◆ PROVIDED RECORDS:

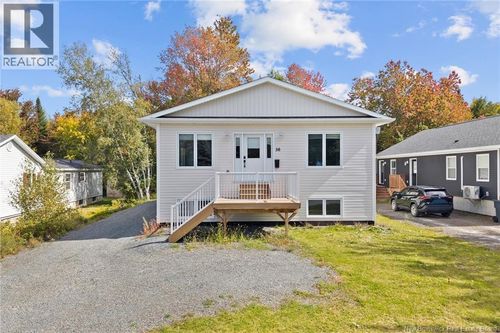 56 Coronation St, Fredericton, NB, E3A4K7 | Card Image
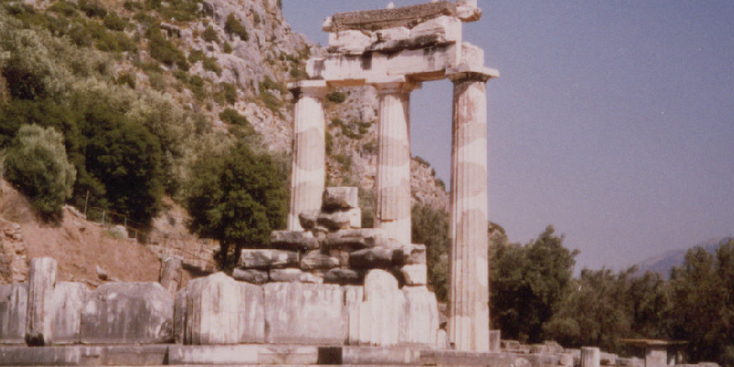 Delphi-orakel-Griekenland-Alexander-de-Grote-Athena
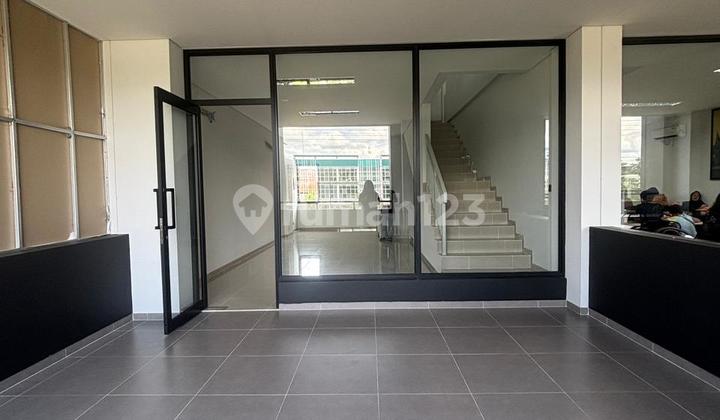 3-Story Shophouse for Rent, Facing the Main Boulevard of Summarecon Bandung 2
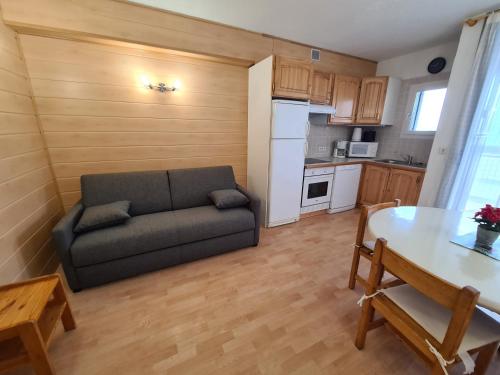 un salon avec un canapé et une table dans l'établissement ETOILE DES NEIGES, à Orcières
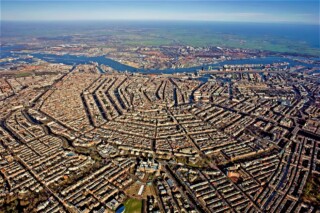 Luchtfoto van Amsterdam met de grachtengordel duidelijk te zien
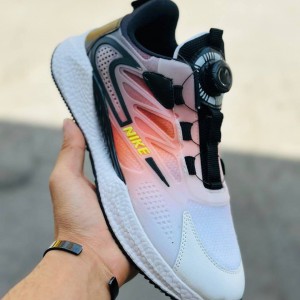 افر ویژه کفش دیسکی مردانه مدل نایک فوق‌العاده نرم و راحت با کیفیت بالا  رنگ سفید مشکی نارنجی  باارسال رایگان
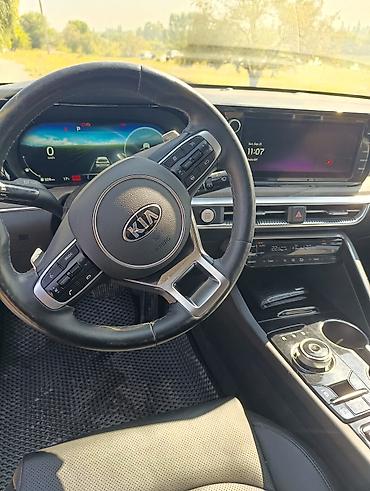 kaiyi e5: Kia K5: 2020 г., Седан — 4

◆ WHAT THE TASK REQUIRES:
Starting at the line that contains "un salon avec", retype each line through the final one in the listing, with both ends kept and the pictures omitted.

◆ OUTPUT OF THE TASK:
 un salon avec un canapé et une table dans l'établissement ETOILE DES NEIGES, à Orcières
 Luchtfoto van Amsterdam met de grachtengordel duidelijk te zien
 افر ویژه کفش دیسکی مردانه مدل نایک فوق‌العاده نرم و راحت با کیفیت بالا  رنگ سفید مشکی نارنجی  باارسال رایگان
 kaiyi e5: Kia K5: 2020 г., Седан — 4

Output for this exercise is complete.